Onder grote belangstelling werd op zaterdag 1 september 2012 in de oud-katholieke schuilkerk Joannes Baptist aan de Hoge Gouwe in Gouda de bronnenuitgave gepresenteerd van Ingnatius Walvis’ Goudsche en andre daartoe dienende katolijke kerk-zaaken. Op de plek waar Walvis 25 jaar lang de Heilige Mis opdroeg, waar hij de preekstoel beklom, de biecht afhoorde en kinderen doopte en waar hij ook zijn lijvige manuscripten schreef, werd het eerst exemplaar namens Historische Vereniging ‘die Goude’ door bestuurslid Jan Spijkerboer aangeboden aan de rechtstreekse opvolger van Ignatius Walvis, pastoor Henk Schoon. Voorafgaand aan deze aanbieding gaf eindredacteur Paul Abels een schets van de persoon Walvis; hoe deze naar voren was gekomen in zijn geschriften en in het enige portret dat van hem bewaard is gebleven. Hoewel wordt aangenomen dat dit portret – een gewassen pentekening die rechtstreeks is getekend in het manuscript van de Goudsche kerk-zaaken – eigenhandig door de pastoor werd vervaardigd, lanceerde Abels de theorie dat de afbeelding – net als twee andere gepentekende portretten van Goudse pastoors – ook vervaardigd kan zijn door de vader van de pastoor, Johannes Baptist Walvis, die kunstschilder van beroep was en nog leefde toen het portret in 1690 werd vervaardigd. Wellicht heeft pa Walvis deze tekeningen vervaardigd bij een bezoek aan zijn zoon in Gouda, om de tijd wat te doden. Spelen met kleinkinderen zat er immers niet in voor hem, aldus Abels.
Na de biografische schets van Walvis door Abels, gaf een van de andere bezorgers van het manuscript, prof. dr. Jan Hallebeek, een nadere toelichting op de kerkstrijd waarin Walvis in Gouda verzijld raakte en waarbij hij fel partij koos voor de Cleresie. Dat het lijvige manuscript bij leven van Walvis nooit in druk verscheen, in tegenstelling tot zijn stadsgeschiedenis, kon volgens de spreker te maken hebben gehad met een gebrek aan financiële middelen.
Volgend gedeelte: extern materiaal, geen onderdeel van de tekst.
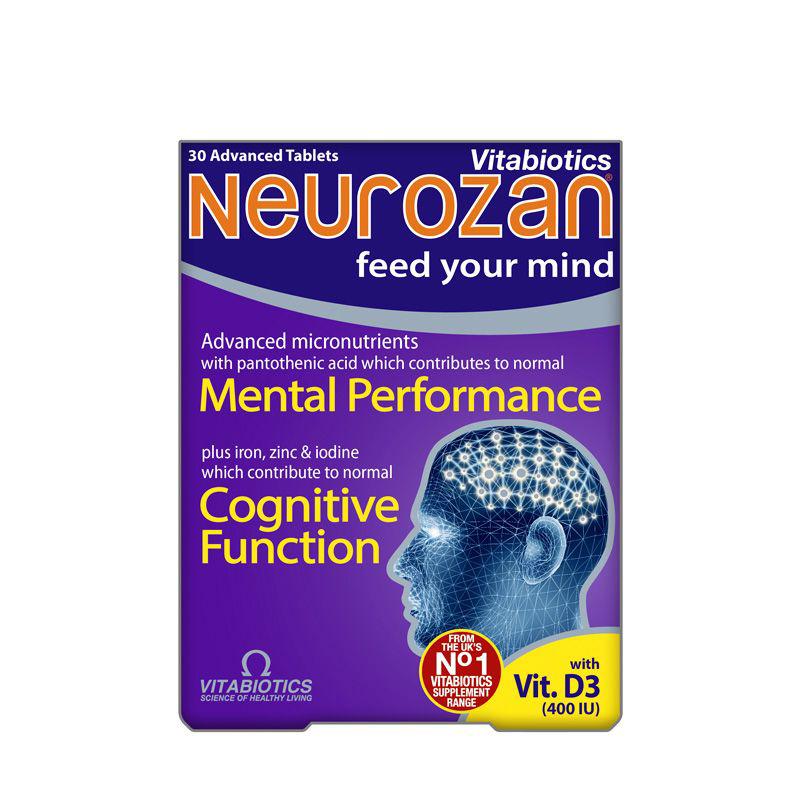 Neurozan 30 tableta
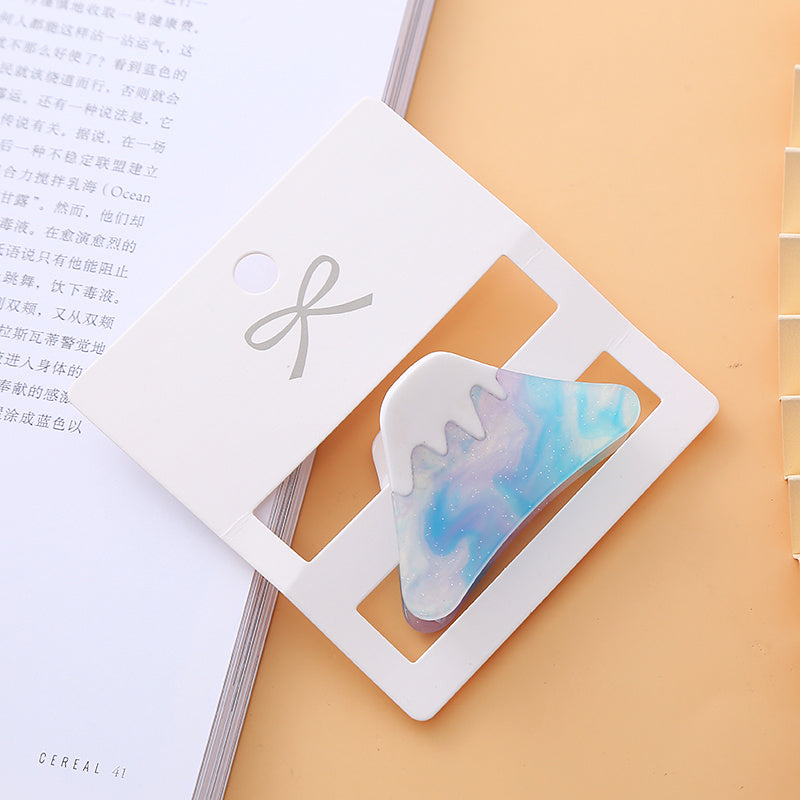 Gradual Mountain Hair Clip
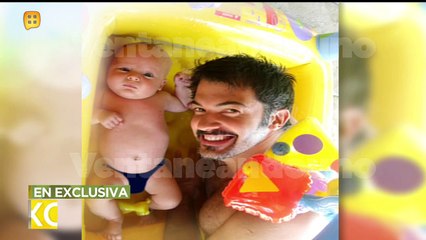 ¡Los hijos de Fernando del Solar le dieron fuerza para luchar contra el cáncer! | Ventaneando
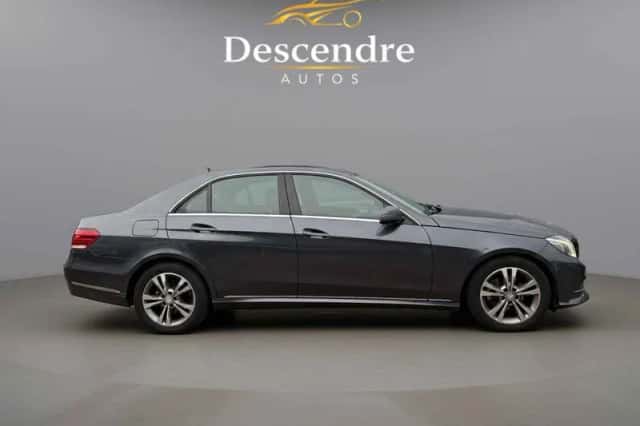Mercedes-Benz E-Klasse (2014) thumbnail 5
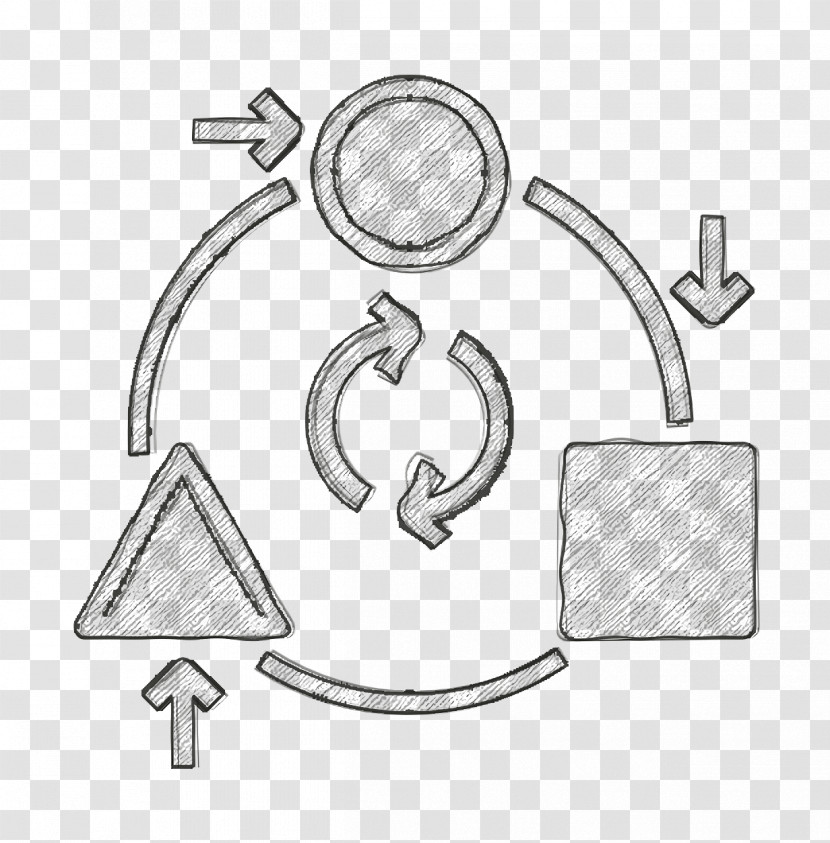 Adaptation Icon Startup Business Icon Transparent PNG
Maar evengoed zou het volgens hem een gevolg kunnen zijn van het feit dat Walvis niet behoorde tot de hoofdrolspelers in dit conflict en dat zijn teksten geen importante bijdrage zouden leveren aan het discours. Als bron voor de geschiedenis van de ‘gewone man’ is deze ‘kroniek’ volgens Hallebeek echter van onschatbare waarde, mede omdat Walvis kon putten uit tal van bronnen die thans niet meer beschikbaar zijn.
Na de lezingen en de aanbieding van het boek gaven de voorzitter van het parochiebestuur, Gerard van der Veer, en aannemer Dioynisos een kleurrijk beeld van de restauratie van de pastorie. Daarna begaf het gezelschap zich deze naastgelegen pastorie, die volledig in oude luister is hersteld. Pastoor Schoon zegende het pand in door overvloedig wijwater met de kwast te sprenkelen, waarna in de fraaie pastorietuin op oud-katholieke wijze even overvloedig genoten werd van een andersoortig geestrijk vocht. De door ‘die Goude’ meegebrachte boeken vonden gretig aftrek, waarmee het Walvisproject na twaalf jaar op waardige wijze werd afgesloten. (Foto’s: Christa Abels en Marco Dekker)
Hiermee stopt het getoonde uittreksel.